SEBI Proposes Changes in Provisions w.r.t Special Situation Funds to Facilitate Acquisition of Stressed Loans
- Blog|News|Company Law|
- 2 Min Read
- By Taxmann
- Last Updated on 30 November, 2023
Consultation Paper, Dated 28.11.2023
The Securities Exchange Board of India (SEBI) has released a Consultation Paper on changes in the regulatory framework for Special Situation Funds, a sub-category of Category I Alternative Investment Funds, necessary to facilitate Special Situation Funds to acquire stressed loans in terms of Reserve Bank of India (Transfer of Loan Exposures) Directions, 2021.
In terms of Regulation 19I of AIF Regulations, ‘Special Situation Assets’, inter alia, include securities of investee companies, whose stressed loans are available for acquisition in terms of Clause 58 of the Master Direction – Reserve Bank of India (Transfer of Loan Exposures) Directions, 2021 or as part of a resolution plan approved under the IBC, 2016 or in terms of any other policy of the RBI or Government of India issued in this regard from time to time.

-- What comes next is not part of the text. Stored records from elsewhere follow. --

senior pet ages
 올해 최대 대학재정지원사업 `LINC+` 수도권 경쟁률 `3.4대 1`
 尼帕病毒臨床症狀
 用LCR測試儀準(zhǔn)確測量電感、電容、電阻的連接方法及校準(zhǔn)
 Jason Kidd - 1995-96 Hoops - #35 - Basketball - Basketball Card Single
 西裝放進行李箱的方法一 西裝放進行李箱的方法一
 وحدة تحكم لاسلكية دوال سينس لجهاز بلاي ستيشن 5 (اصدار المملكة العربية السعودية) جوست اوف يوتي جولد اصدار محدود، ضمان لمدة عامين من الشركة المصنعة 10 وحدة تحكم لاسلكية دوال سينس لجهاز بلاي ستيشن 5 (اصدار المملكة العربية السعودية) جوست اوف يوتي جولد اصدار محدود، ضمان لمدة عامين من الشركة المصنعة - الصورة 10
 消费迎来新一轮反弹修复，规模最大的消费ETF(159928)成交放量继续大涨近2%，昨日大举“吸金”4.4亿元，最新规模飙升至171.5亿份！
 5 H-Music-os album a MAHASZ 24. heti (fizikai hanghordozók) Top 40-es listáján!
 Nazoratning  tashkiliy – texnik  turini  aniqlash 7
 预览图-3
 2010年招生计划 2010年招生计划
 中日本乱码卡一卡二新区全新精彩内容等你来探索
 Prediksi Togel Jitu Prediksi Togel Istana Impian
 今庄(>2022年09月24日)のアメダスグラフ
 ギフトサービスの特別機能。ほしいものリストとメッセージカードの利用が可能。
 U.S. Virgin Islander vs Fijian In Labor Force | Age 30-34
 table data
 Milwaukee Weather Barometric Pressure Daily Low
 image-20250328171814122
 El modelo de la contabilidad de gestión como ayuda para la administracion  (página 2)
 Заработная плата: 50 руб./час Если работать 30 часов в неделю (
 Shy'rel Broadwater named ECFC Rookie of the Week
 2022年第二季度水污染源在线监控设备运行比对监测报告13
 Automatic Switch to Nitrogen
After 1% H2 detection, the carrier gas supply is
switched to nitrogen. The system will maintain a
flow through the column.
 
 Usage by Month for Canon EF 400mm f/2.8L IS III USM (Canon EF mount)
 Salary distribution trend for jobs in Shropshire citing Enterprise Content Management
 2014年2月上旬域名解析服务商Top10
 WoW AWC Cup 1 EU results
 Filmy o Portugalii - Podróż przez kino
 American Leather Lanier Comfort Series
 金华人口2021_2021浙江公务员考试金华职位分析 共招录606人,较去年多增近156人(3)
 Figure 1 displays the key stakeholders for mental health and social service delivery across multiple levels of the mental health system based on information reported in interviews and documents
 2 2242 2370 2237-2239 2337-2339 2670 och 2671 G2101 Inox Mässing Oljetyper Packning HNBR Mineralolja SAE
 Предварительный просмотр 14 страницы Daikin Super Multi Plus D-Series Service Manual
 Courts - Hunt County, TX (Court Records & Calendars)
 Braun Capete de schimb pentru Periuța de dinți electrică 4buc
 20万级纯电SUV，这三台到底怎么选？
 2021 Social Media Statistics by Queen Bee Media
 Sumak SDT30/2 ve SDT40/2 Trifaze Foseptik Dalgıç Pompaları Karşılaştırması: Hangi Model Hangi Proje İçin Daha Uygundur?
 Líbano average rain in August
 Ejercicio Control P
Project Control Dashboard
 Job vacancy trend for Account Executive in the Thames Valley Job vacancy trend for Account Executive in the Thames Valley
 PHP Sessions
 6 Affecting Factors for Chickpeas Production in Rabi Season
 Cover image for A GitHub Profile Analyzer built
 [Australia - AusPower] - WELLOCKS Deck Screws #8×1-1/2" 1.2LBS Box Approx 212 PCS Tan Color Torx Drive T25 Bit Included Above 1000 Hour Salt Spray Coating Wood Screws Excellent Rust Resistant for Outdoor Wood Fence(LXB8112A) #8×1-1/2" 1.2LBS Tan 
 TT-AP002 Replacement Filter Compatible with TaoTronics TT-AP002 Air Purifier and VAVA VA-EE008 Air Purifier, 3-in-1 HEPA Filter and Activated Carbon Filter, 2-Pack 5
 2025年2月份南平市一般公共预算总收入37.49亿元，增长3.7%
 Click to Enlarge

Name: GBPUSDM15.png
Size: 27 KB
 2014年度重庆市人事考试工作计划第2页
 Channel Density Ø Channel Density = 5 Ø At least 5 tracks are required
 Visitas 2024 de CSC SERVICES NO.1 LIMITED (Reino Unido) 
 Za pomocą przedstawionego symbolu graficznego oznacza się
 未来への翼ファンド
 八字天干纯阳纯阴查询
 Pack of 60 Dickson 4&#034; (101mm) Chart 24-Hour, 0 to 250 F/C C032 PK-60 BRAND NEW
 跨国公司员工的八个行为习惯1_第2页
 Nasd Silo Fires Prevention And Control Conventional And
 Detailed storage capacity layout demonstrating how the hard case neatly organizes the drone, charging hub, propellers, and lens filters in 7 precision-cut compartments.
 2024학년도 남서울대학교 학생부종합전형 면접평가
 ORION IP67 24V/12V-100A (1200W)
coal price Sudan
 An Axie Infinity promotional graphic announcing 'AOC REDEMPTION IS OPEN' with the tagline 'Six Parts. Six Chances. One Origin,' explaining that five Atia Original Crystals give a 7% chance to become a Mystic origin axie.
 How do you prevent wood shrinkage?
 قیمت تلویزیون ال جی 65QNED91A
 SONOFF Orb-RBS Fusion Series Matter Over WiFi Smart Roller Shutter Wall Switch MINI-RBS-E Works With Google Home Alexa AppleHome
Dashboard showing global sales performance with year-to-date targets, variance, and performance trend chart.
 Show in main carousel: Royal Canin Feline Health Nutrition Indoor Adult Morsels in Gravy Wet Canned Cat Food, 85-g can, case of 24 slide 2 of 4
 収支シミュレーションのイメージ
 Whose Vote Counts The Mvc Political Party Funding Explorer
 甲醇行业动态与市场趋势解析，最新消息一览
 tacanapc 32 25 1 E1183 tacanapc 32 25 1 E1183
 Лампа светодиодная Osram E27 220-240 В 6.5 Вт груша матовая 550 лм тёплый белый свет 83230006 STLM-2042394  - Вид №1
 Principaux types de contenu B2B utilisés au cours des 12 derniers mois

However, it was felt that a stressed loan under Section 58 of RBI Master Directions cannot be said to be ‘available’ for acquisition since the visibility of the stressed loan for acquisition occurs only after the lenders agree to the resolution plan submitted by the borrower.
The term ‘available for acquisition’ relies on the assumption that at a certain point of time, the stressed loans eligible for transfer in terms of Clause 58 of RBI Master Directions shall be visible to the SSFs.
Consequently, it has been proposed that ‘special situation asset’, inter alia, includes securities of investee companies, whose stressed loans are acquired in terms of Clause 58 of RBI Master Directions. Also, SSFs having prior investment in securities of stressed companies shall not be disqualified/barred from acquiring stressed loans of the said companies.
Further, it has also been proposed that AIF Regulations may be suitably amended to specify that SSFs shall not invest in or acquire a special situation asset if any of its investors is disqualified in terms of Section 29A of IBC in relation to such special situation asset.
Also, Regulation 19M(1) of AIF Regulations would be suitably amended to specify that ‘Special Situation Funds’ shall not invest in its ‘related parties’, the related party shall have the same meaning as given in the Companies Act, 2013. Various other proposals have also been made in the present consultation paper.